Treat early Icelandic society with the same care as any living tradition: Iceland is a real country today, and the Althing is still its parliament. Do not call the early Icelanders 'primitive' or 'barbaric'. Do not use the word 'Viking' as a label for all Norse people — most Icelanders were farmers, not raiders. When discussing who was excluded from the Althing (women, enslaved people), be honest but avoid framing this as something only 'those people in the past' did — most early parliaments worldwide had similar limits, and many modern systems still exclude people in different ways. If students ask about slavery in early Iceland, answer plainly: yes, enslaved people (called thralls) existed, often taken from raids in Britain and Ireland, and this is part of the honest history of the place. Do not present the Althing as either 'the first democracy' (this overclaims) or as 'not real democracy' (this dismisses what was genuinely new). Hold both truths together. Note also that the exact location of Logberg is debated by historians — most likely within the Almannagja gorge — so do not present any one rock as the certain spot.
Answer each question in one or two sentences.
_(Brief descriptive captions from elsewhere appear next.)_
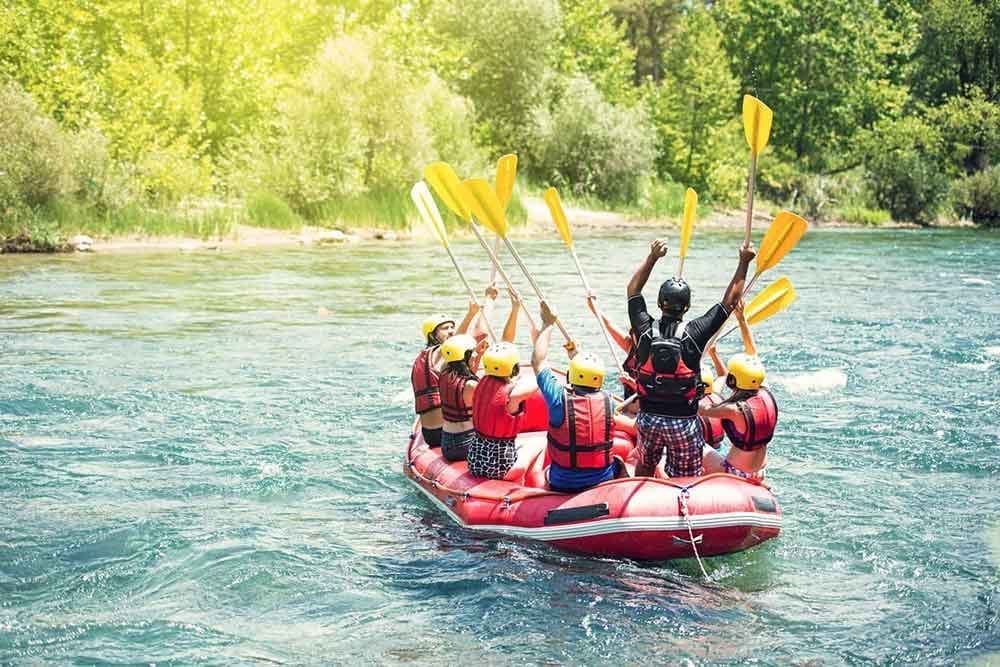 A rafting group raising their paddles in celebration on the river, symbolizing breakthrough, hope, and feeling back in the flow of life again.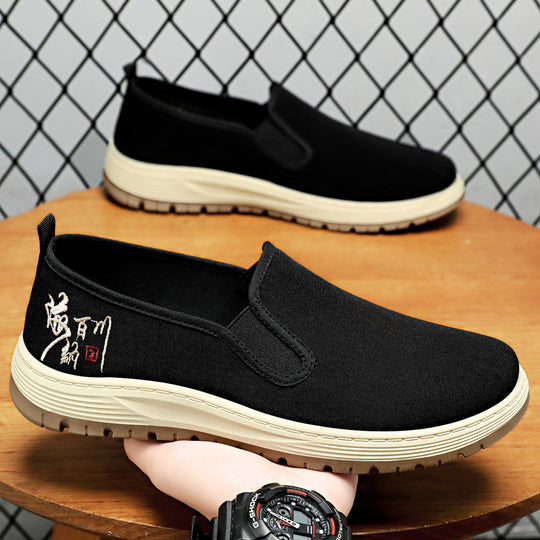 Herren nan nahtloser Canvas-Slip-On mit elastischem Einstieg, besticktem Fersenmotiv und rutschfester EVA-Laufsohle EB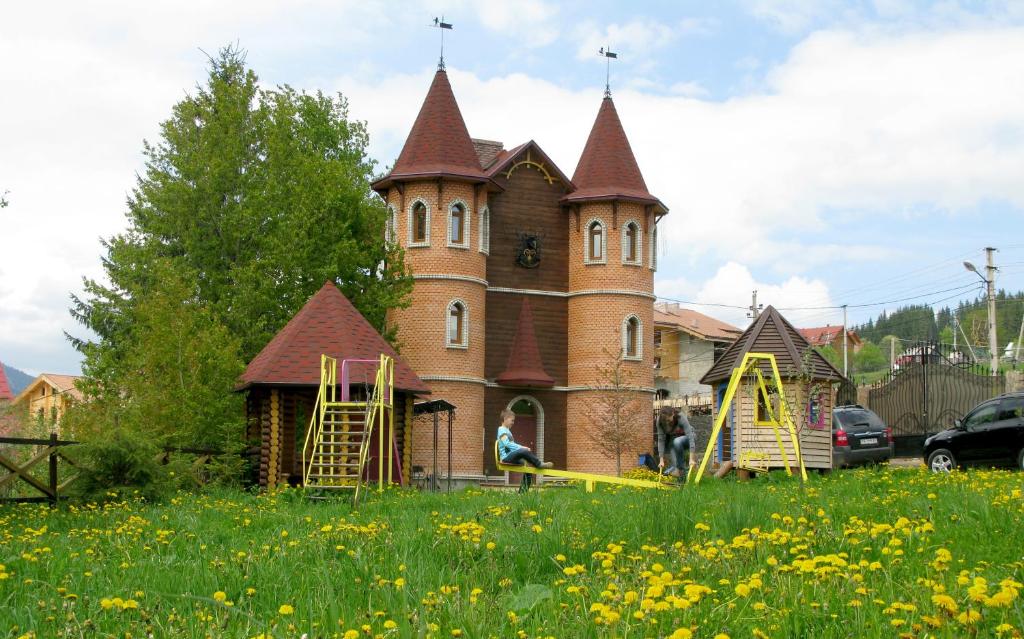 un bâtiment avec une tour et une aire de jeux dans un champ dans l'établissement Castle Belvedere, à Bukovel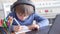 Boy studying home online while school is closed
Use what you have learned about Logberg and the Althing.
What was the job of the Lawspeaker, and how did he do it without books?
Why did people travel from all over Iceland to come to Thingvellir each summer?
Give one strength and one weakness of holding laws in memory rather than in writing.
Was the Althing a democracy? Explain your answer.
These questions have no single right answer. Talk about them in pairs or small groups, then share your ideas.
If your class had to make its own laws without writing them down, how would you do it? Who would remember the laws? How would you stop one person from changing the rules in secret?
The Althing left out women and enslaved people. Some people call it 'the world's first parliament' anyway. Is that fair? Should we use that title, or should we use a different one?